Time is Now: Women who are transforming lives in rural India
This International Women’s Day, we focus on five entrepreneurs who are changing the lives of women in rural India
This year, the International Women’s Day is themed “Time is Now: Rural and urban activists transforming women’s lives”. Women the world over are changing lives, not only their own but those of others too, with entrepreneurship and innovative ideas. Here are five women that are champions of entrepreneurship, and are working to uplift the lives of rural women.
“When girls have the chance to go to school and learn skills that will enable them to earn a living as a woman, the benefit is felt community-wide.”- Ela Bhatt, the founder of Self-Employed Women Association (SEWA).
Keeping women’s empowerment at the forefront, lawyer and social activist Ela Bhatt founded Self-Employed Women Association (SEWA) in Ahmedabad in 1972. SEWA is a trade union for women working in the unorganised sector, who earn a living through their own labour, or small businesses.
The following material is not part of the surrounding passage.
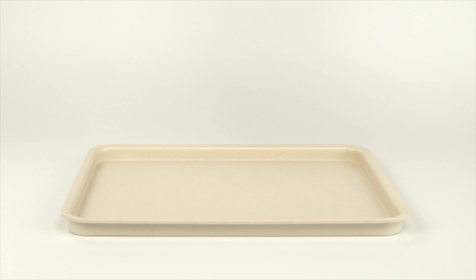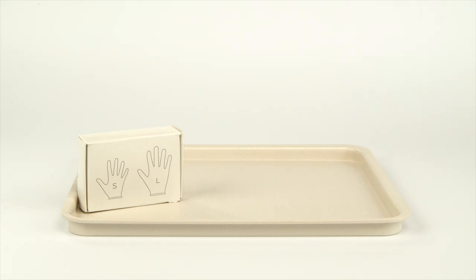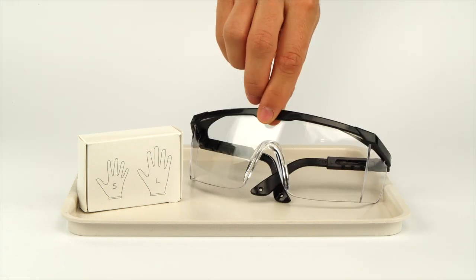Perform this experiment on the plastic tray to contain any possible spills. Don't forget to put on protective gloves and goggles before doing the experiment.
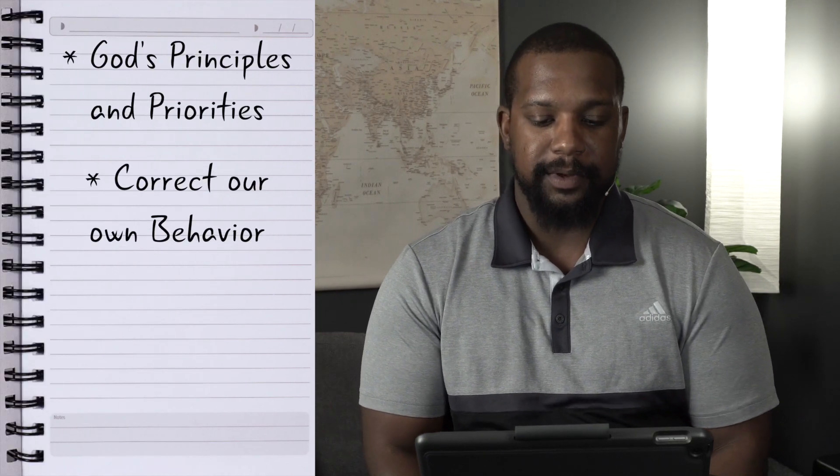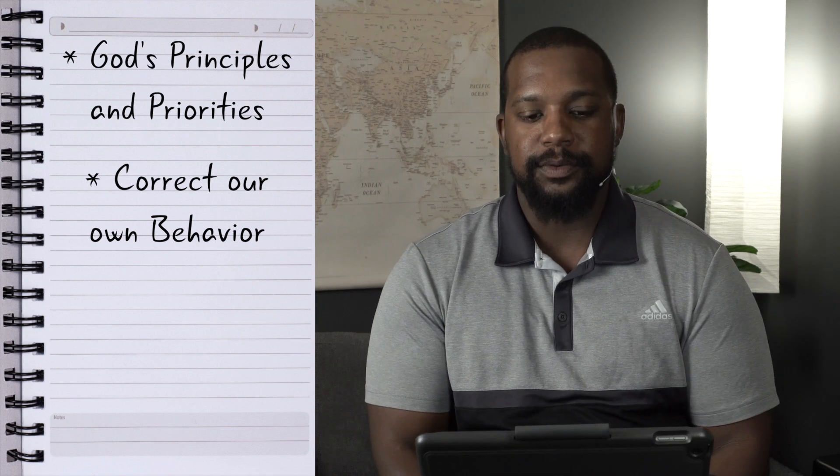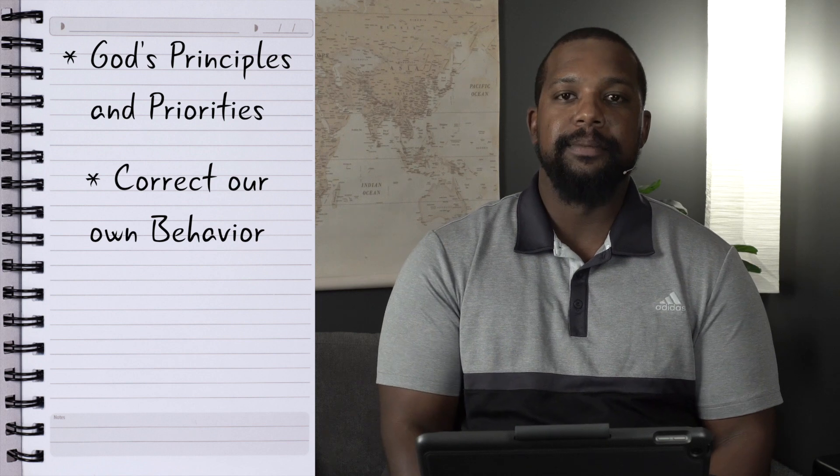The second point is God's Word will help correct our own behavior. When we focus on God's Word, it reveals what adjustments we need to make in our lives. It's like having a parent — when we stray from doing the right things, our parents correct us. God is our Father, and He gives us instructions and laws to keep us in line. He shows us how to correct our mistakes, walk in line with what He wants, stay out of trouble, and follow a straight and narrow path.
SEWA works on an organisational model that brings women across castes and class together. SEWA aims to empower women with employment and self-reliance.
In 1974, SEWA established its own bank, called the Shri Mahila Sewa Sahakari Bank, or SEWA Cooperative Bank. All employees and board members of the SEWA Bank are members of the organisation and loans are given out from the funds invested by the members, at interest rates also decided by the members. SEWA Bank's philosophy is centred around savings, entrepreneurship, and microfinance.
Currently, SEWA has more than 2 million members across the eight states of Gujarat, Madhya Pradesh, Bihar, Kerala, Uttar Pradesh, Rajasthan, Delhi and West Bengal.
In India, around 850 million people cook using solid biomass fuels (wood, cow-dung and agro-waste) on open fires, or with traditional mud stoves, which are highly inefficient.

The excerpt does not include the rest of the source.